In the usual implementation of BULL and BEAR tokens, balances are periodically adjusted such that exposure is increased when your tokens are in profit and exposure is decreased when your tokens book a loss.
The advantage of this model is compounding gains when in profit and reducing losses when the market moves against your position. The disadvantage of this model is the potential for increased losses when there is increased exposure and decreased profits when there is decreased exposure.
An Alternative Model
The mentioned properties of BULL and BEAR tokens are neither good nor bad in itself, they can be used to provide a different kind of risk exposure compared to having a perpetual position.
However, what if we could have BULL and BEAR tokens that behave more similarly to perpetual contracts?
The simplicity of BULL and BEAR tokens with non-compounding profits / losses combined with a simple to use swap interface could appeal to a wide user audience.
One possible modification to allow BULL and BEAR tokens to follow the performance of a perpetual contract is for the system to use a particular price as a reference.
Here is an example of 3X BULL and 3X BEAR token performance without a fixed price reference:
Since there is no fixed reference, the calculation of profits and losses is always relative to the last known price + quantities. In this case, even though the BULL and BEAR tokens were bought at $1000, when the price moved from $1100 to $1000, this is calculated as a price movement of ~9%. The total position size of BEAR tokens is taken to be 7, so at Time 3, the position size of the BEAR tokens becomes 7 * (1 + 0.09… * 3) = 8.91.
If we instead use $1000 as the anchor price and use the initial quantities for calculation, the performance would look like this:
In this model, the sizes of BULL and BEAR tokens are calculated based on the initial quantities and the distance of the price from the anchor price.
The new model looks nice on a simple scenario, but it wouldn’t be usable unless it also works for cases where new BULL or BEAR tokens are bought or sold in between price movements.
When a trader buys new tokens, we adjust the reference balances such that the current balances of other traders are not affected by the purchase and then we assign the buyer with a percentage share of the total BULL or BEAR pool.
Here is an example where 3X BULL tokens are bought in between a price movement:
In this example, a third trader buys BULL tokens after the price moves to $1100. When the price decreases back to $1000, the third trader books a loss of ~11.5%. This is less than the expected loss on a 3X leverage position since the BEAR side is smaller and only a total of 3 tokens need to be paid to the bears. Interestingly, the first trader ends up with more tokens than before.
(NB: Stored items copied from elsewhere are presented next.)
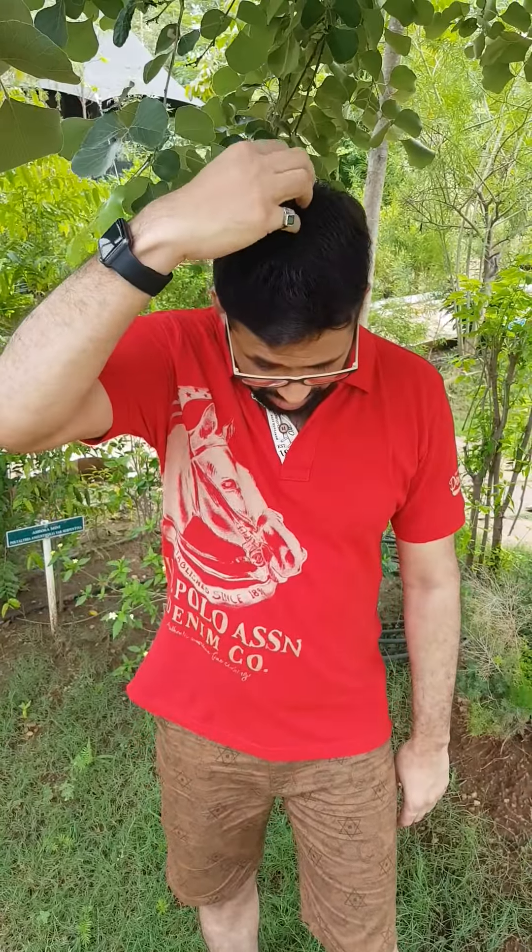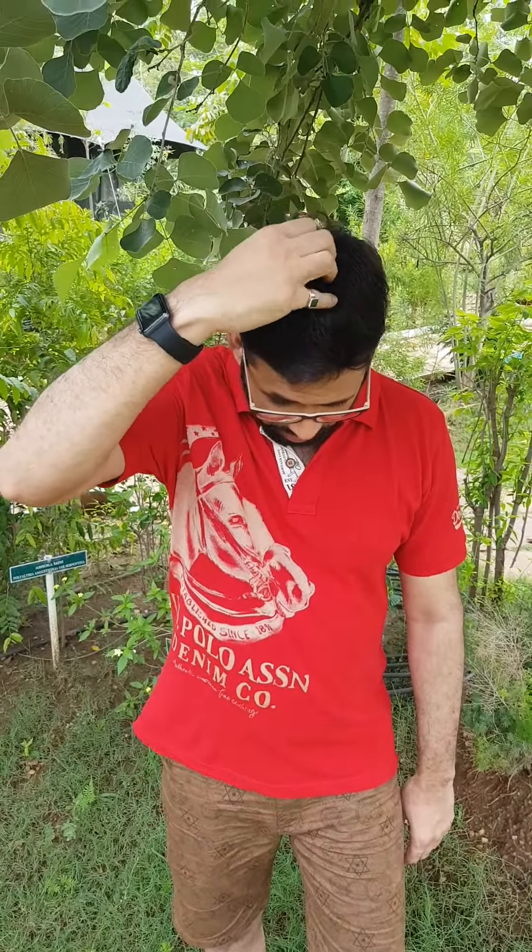I'm going to do it once again for you — you can also do it along with me. Come on now: karate chop point, on top of your head, on the center, side of the eye, under the eye, under the nose, on your chin, collarbone, underarm side. It really doesn't matter — you can use any of the sides or even both sides.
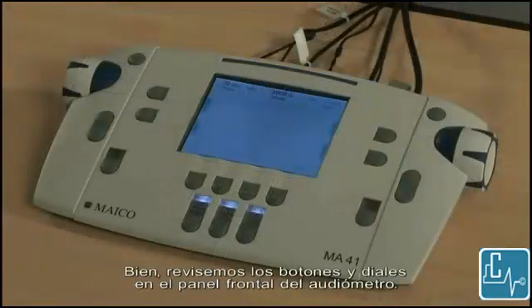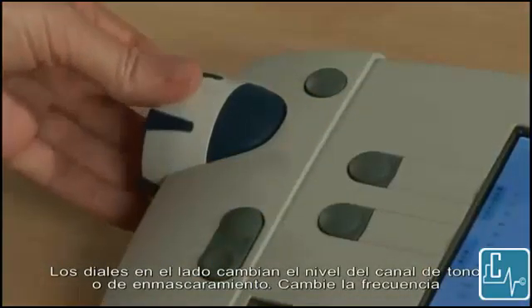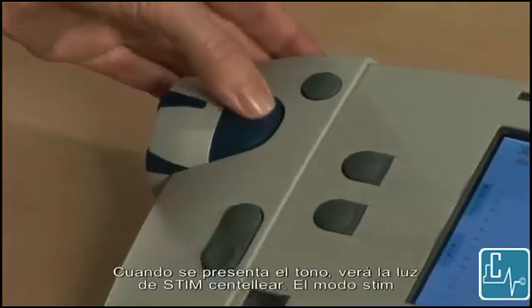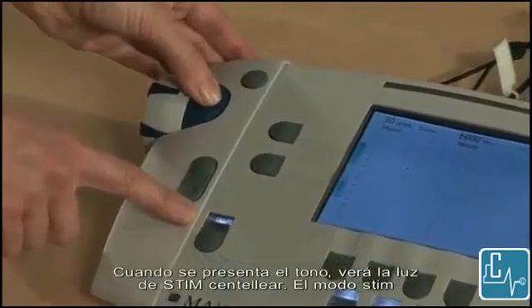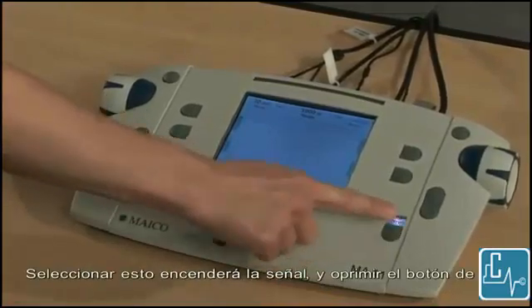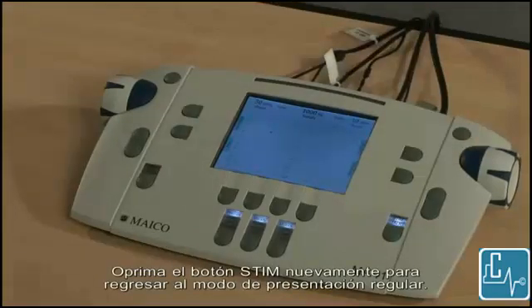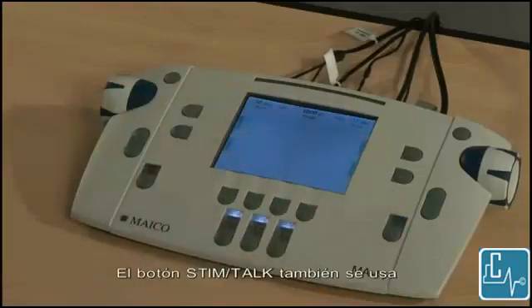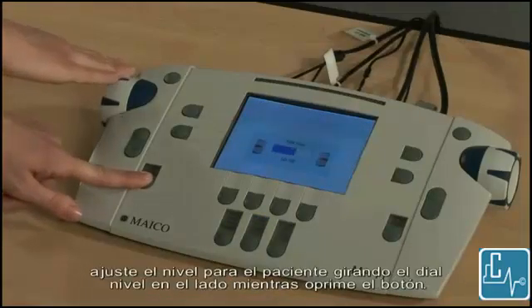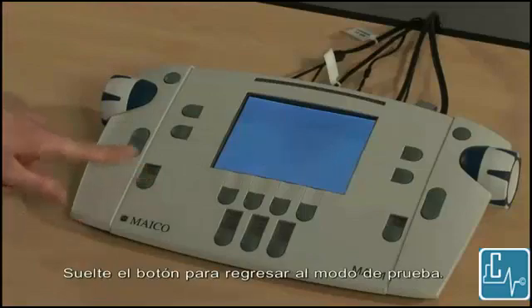Let's review the buttons and dials on the front panel of the audiometer. The dials on the side change level for the tone or masking channel. Change frequency using the plus or minus button, and present the tone using the blue button next to the dial. You will see the stim light flash when the tone is presented. The stim mode for masking or the tone can also be changed to interrupt mode using the stim button. Selecting this will turn the signal on, and pressing the blue presentation button will then interrupt the signal. Press the stim button again to toggle back to regular presentation mode. The stim talk button is also used for talk forward to the patient. Press and hold the button to talk to the patient. Adjust the level to the patient by turning the level dial on the side while the button is pressed. Let go of the button to return to test mode.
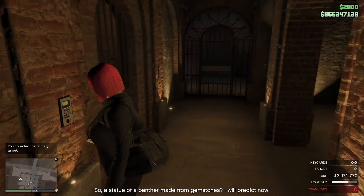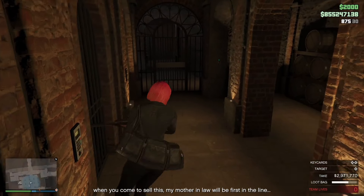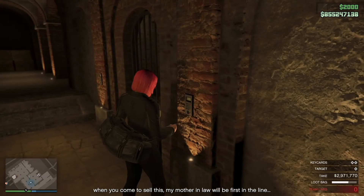A statue of an informant made from gemstones. I will predict now — when you come to sell this, my mother-in-law will be forced in the line. Thank you.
If at Time 4, the price had instead increased, then the sizes would look like this:
In this case, the third trader makes a profit of ~11.5%. While the leverage is less than the target leverage, both profits and losses are proportionate and fair.
When tokens are sold, the same calculation to adjust the reference balance is done.
The tradeoff of using an anchor price is that leverage will reduce as the distance between the current price and the anchor price increases.
An example to illustrate this:
In this example, both BULL and BEAR positions are balanced at Time 3. At Time 4, the price increases to $1200, and BULL 1 gets their intended leverage of 3X since they bought their BULL tokens at Time 1. For BULL 2, they made a profit of ~23% on a ~9% price movement, which works out to a leverage of 2.55X.
For this reason, the anchor price should be moved periodically. If we readjust balances and the anchor price for a 3X market on every 20% price movement, we can constantly achieve a target leverage of 2–3X.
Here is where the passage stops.